Berlín busca y decide preguntarle a Río, quien no se demora en ponerse de lado de Tokio. Roma rueda los ojos, apuntándolos directamente a Moscú.
—¿Moscú?
—Yo entré aceptando unas reglas. Y las reglas no se han quebrantado —le devuelve la mirada al matrimonio, afirmando su apoyo en el Profesor—. Sigo confiando en el Profesor.
—¿Denver?
—Yo voto por salir de aquí, pero ya. A mí eso de ser multimillonario como que se me queda un poquito grande.
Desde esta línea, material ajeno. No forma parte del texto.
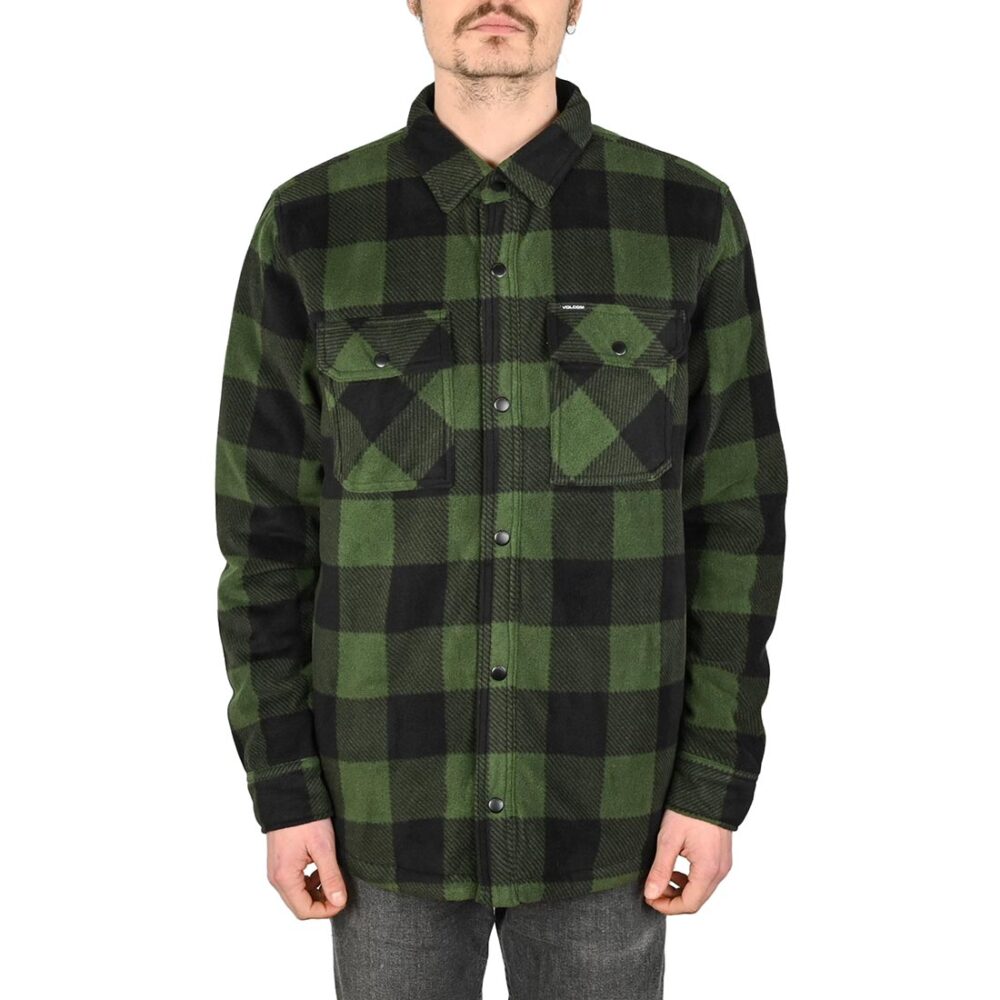 Volcom Bowered Fleece L/S Overshirt - Dark Pine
—Pero estabas muy feliz hace no mucho cuando encontramos tierra —la rubia comenta, dirigiendo sus pasos a Nairobi, plantándose frente a ella—. Nairobi, el voto de cada uno cuenta —aún cuando la morocha decidiera estar del lado de Tokio seguían siendo cinco contra cuatro. Y la fuerza estaba de su lado.
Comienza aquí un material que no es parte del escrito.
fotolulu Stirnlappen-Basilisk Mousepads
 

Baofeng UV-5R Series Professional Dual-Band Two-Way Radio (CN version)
Nairobi resopla, pero habla con pesar. —Yo tengo una muy buena razón para estar con el Profesor, y si no salta en pedazos, voy a creer en él hasta el final. Estoy con Berlín y Roma —dice para su frustración, siendo que no se imaginaba en algún momento admitir estar de su lado.
Berlín y Roma se ríen. Ambos se quedan mirando a Tokio, pero ella ante su derrota no es capaz de regresarles la mirada.